Vamos perguntar à rádio Yerevan: “Marx
ainda é atual hoje?” Podemos adivinhar a resposta: em princípio sim, ele
descreve maravilhosamente a dança louca da dinâmica capitalista que
atingiu o seu pico apenas nos dias atuais, mais de um século e meio
depois, mas… Gerald A. Cohen enumerou as quatro características da noção
marxista clássica da classe trabalhadora: (1) ela constitui a maioria
da sociedade; (2) ela produz a riqueza da sociedade; (3) ela consiste
nos membros explorados da sociedade; (4) seus membros são as pessoas
necessitadas na sociedade. Quando essas quatro características são
combinadas, eles geram duas outras características: (5) a classe
trabalhadora não tem nada a perder com uma revolução; (6) ela pode e vai
se envolver em uma transformação revolucionária da sociedade.[1]
Nenhum dos quatro primeiras se aplica à classe trabalhadora de hoje, e é
por isso que as características (5) e (6) não podem ser geradas. (Mesmo
que algumas das características continuem a se aplicar a partes da
sociedade de hoje, elas não estão mais unidas em um único agente: as
pessoas necessitadas na sociedade não são mais os trabalhadores, etc.)
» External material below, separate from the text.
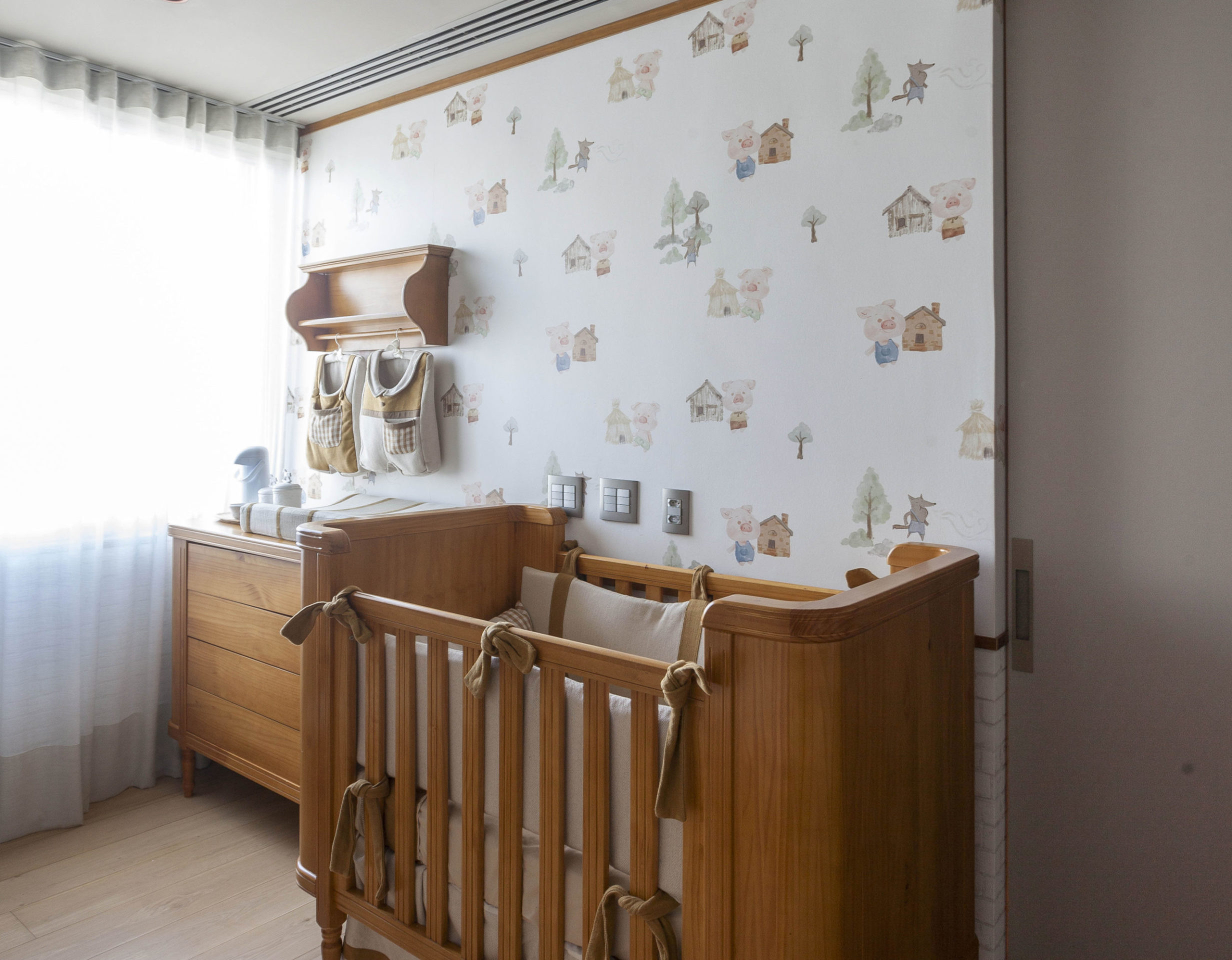 Quarto de bebê decorado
O impasse histórico do marxismo reside
não apenas no fato de que ele contava com a perspectiva da crise final
do capitalismo, e portanto não conseguiu compreender como o capitalismo
saiu de cada crise fortalecido. Há um erro muito mais trágico no corpo
clássico do marxismo, descrito em termos precisos por Wolfgang Streeck: O
marxismo estava certo sobre a “crise final” do capitalismo; nós estamos
claramente entrando nela hoje, mas esta crise é apenas isso, um
processo prolongado de decadência e desintegração, sem nenhum Aufhebung
hegeliano fácil à vista, nenhum agente para dar a esta decadência uma
reviravolta positiva e transformá-la em uma passagem para algum nível
superior de organização social:
“É um preconceito marxista – ou melhor:
modernista – que o capitalismo como uma época histórica só terminará
quando uma nova e melhor sociedade estiver à vista, e um sujeito
revolucionário pronto para implementá-la para o avanço da humanidade.
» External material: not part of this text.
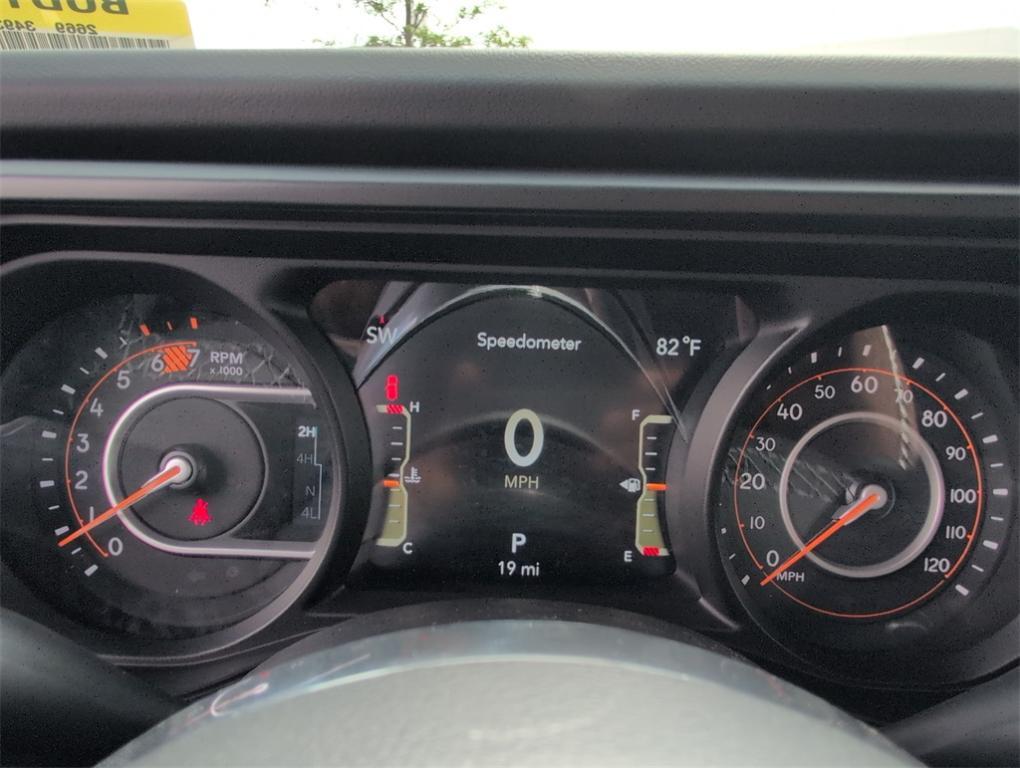 new 2025 Jeep Wrangler car, priced at $54,087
Isso pressupõe um grau de controle político sobre nosso destino comum
com o qual não podemos sequer sonhar após a destruição da ação coletiva
e, mesmo da esperança para isso, na revolução globalista neoliberal. ”[2]
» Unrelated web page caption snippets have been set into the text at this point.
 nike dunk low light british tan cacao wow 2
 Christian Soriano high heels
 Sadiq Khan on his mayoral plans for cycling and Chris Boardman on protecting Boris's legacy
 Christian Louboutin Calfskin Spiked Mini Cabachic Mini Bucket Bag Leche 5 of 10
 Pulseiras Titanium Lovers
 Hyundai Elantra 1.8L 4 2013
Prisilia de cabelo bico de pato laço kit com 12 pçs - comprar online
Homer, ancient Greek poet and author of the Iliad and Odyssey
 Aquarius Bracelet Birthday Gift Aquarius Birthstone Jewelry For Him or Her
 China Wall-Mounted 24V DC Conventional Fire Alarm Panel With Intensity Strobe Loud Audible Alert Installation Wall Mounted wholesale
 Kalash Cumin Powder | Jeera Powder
A visão de Marx era a de uma sociedade
gradualmente se aproximando de sua crise final, uma situação na qual a
complexidade da vida social é simplificada em um grande antagonismo
entre capitalistas e a maioria proletária. No entanto, mesmo uma rápida
olhada nas revoluções comunistas do século XX deixa claro que essa
simplificação nunca ocorreu: os movimentos comunistas radicais foram
sempre constrangidos a uma minoria de vanguarda e, para ganhar
hegemonia, tiveram que esperar pacientemente por uma crise (geralmente
uma guerra) que forneceu uma janela estreita de oportunidade. Em tais
momentos, uma autêntica vanguarda pode tomar o dia, mobilizar as pessoas
(mesmo que não a maioria) e assumir o controle. Os comunistas eram aqui
sempre completamente “não dogmáticos”, prontos para serem parasitas em
alguma outra questão: terra e paz na Rússia, libertação nacional e
unidade contra a corrupção na China… Eles estavam sempre bem conscientes
de que a mobilização acabaria logo, e estavam cuidadosamente preparando
o aparato de poder para mantê-los no poder nesse momento. (Em contraste
com a Revolução de Outubro que explicitamente tratou os camponeses como
aliados secundários, a revolução chinesa nem sequer fingia ser
proletária: ela endereçava diretamente os agricultores como sua base.)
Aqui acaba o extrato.